Understanding Has Deepened

Current research focuses on:

  • The role of the gut microbiome in celiac disease development
  • Why some genetically susceptible people develop disease and others don’t
  • Environmental triggers beyond gluten
  • Non-classical presentations and extra-intestinal manifestations

Ongoing Research Directions

While the gluten-free diet remains the only proven treatment, research continues on:

What History Teaches Us

About Medical Progress

  1. Observation precedes understanding: Accurate clinical descriptions existed 1,800 years before the cause was known
  2. Unexpected circumstances advance knowledge: The Dutch famine provided the “natural experiment” that proved the wheat connection
  3. Science builds incrementally: Each discovery enabled the next
  4. Treatment can precede full understanding: The banana diet worked before anyone knew why

For People with Celiac Disease Today

  1. We benefit from accumulated knowledge: Accurate diagnosis, understanding of cross-contact, availability of safe products
  2. The diet works because science confirmed it: Not tradition or assumption—controlled research
  3. Monitoring matters: Blood tests and biopsy allow us to verify intestinal healing
  4. Research continues: Current treatment may not be final treatment

Perspective on Current Guidelines

Modern guidelines—strict gluten avoidance, attention to cross-contact, regular monitoring—derive from this research history.
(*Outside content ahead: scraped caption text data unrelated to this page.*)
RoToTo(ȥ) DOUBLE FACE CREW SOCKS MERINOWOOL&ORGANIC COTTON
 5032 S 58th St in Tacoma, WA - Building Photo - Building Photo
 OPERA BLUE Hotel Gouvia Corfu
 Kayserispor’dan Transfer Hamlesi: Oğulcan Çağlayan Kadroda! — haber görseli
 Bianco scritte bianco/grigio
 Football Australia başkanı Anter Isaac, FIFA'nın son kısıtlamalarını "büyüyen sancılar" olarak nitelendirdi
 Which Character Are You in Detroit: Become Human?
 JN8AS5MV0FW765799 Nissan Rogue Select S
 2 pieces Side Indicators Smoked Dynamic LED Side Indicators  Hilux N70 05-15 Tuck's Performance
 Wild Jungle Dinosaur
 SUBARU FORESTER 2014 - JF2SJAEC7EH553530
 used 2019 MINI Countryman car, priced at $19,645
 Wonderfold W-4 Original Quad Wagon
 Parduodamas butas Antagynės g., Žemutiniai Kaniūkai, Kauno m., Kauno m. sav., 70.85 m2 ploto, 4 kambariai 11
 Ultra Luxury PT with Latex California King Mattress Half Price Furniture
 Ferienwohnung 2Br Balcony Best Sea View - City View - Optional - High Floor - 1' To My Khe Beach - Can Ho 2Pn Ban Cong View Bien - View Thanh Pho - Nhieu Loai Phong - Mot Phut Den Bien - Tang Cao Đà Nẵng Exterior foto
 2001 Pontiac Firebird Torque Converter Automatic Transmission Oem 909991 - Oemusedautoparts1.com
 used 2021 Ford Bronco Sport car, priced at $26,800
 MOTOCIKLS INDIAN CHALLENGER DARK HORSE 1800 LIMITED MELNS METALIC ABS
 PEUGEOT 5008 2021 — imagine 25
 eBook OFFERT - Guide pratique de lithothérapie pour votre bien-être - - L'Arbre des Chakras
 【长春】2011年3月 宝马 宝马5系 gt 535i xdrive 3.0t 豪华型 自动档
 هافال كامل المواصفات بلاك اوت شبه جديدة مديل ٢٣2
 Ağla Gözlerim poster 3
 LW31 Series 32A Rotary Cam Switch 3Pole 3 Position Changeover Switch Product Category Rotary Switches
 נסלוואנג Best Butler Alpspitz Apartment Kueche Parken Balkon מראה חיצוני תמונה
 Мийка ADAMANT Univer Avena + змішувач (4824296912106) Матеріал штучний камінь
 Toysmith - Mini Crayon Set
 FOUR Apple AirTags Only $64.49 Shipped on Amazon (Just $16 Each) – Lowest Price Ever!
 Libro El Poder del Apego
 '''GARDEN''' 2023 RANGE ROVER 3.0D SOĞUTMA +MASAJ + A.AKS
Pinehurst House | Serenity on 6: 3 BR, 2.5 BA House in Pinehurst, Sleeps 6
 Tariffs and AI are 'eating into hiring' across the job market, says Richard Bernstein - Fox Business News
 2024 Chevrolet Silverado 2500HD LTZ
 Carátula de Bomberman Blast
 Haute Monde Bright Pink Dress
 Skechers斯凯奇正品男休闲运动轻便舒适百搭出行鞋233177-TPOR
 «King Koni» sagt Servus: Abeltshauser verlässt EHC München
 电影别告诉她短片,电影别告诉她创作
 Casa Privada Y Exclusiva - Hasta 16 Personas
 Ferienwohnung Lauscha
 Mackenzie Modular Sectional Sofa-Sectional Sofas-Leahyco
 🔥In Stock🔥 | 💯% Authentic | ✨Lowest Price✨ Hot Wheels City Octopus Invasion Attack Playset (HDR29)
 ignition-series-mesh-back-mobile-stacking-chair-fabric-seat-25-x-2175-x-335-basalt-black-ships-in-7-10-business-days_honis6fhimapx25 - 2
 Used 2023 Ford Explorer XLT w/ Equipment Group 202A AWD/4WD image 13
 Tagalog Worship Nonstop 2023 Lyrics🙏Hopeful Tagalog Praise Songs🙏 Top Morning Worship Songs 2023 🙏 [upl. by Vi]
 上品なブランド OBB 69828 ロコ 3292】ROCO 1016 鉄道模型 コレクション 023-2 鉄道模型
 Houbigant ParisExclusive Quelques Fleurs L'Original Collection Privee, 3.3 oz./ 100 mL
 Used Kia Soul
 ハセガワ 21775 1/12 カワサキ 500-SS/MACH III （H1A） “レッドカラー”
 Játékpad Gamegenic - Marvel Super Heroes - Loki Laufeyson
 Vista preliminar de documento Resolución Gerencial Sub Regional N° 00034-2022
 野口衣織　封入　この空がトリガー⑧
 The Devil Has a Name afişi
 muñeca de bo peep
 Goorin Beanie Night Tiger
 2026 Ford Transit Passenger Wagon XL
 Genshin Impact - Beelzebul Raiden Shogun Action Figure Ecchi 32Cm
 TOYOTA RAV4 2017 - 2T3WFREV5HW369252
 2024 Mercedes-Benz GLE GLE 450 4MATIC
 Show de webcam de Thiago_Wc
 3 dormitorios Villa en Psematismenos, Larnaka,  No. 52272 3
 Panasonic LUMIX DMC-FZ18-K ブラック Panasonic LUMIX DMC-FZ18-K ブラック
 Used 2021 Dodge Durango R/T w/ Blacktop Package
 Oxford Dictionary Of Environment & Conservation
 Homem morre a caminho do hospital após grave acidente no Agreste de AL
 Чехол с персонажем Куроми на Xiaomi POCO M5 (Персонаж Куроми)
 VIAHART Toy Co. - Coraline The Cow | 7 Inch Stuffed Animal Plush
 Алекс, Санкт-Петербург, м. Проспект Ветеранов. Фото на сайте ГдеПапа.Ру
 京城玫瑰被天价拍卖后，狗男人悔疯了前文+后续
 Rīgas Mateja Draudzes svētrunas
They’re not arbitrary restrictions but evidence-based medical recommendations built on decades of investigation.

The Ongoing Story

The history of celiac disease is not complete. Current research may add new chapters:

  • Therapies that allow occasional gluten exposure
  • Better understanding of who develops disease and why
  • Treatments targeting the immune response rather than just the trigger
  • Potential prevention strategies

Understanding this history provides context for both current treatment and future possibilities.


The story of celiac disease discovery demonstrates how medical science progresses—through observation, serendipity, and persistent inquiry. Today’s patients benefit from this accumulated knowledge.

Sources

  1. Losowsky MS. “A History of Coeliac Disease.” Digestive Diseases. 2008;26:112-120.
  2. van Berge-Henegouwen GP, Mulder CJJ. “Pioneer in the gluten free diet: Willem-Karel Dicke 1905-1962.” Gut. 1993;34:1473-1475.
  3. Green PHR, Cellier C. “Celiac Disease.” New England Journal of Medicine. 2007;357:1731-1743.
  4. Sollid LM, et al. “Evidence for a primary association of celiac disease to a particular HLA-DQ alpha/beta heterodimer.” Journal of Experimental Medicine. 1989;169:345-350.
  5. Dieterich W, et al. “Identification of tissue transglutaminase as the autoantigen of celiac disease.” Nature Medicine. 1997;3:797-801.
  6. Paulley JW. “Observations on the aetiology of idiopathic steatorrhoea.” British Medical Journal. 1954;2:1318-1321.
  7. Sollid LM. “Coeliac disease: dissecting a complex inflammatory disorder.” Nature Reviews Immunology. 2002;2:647-655.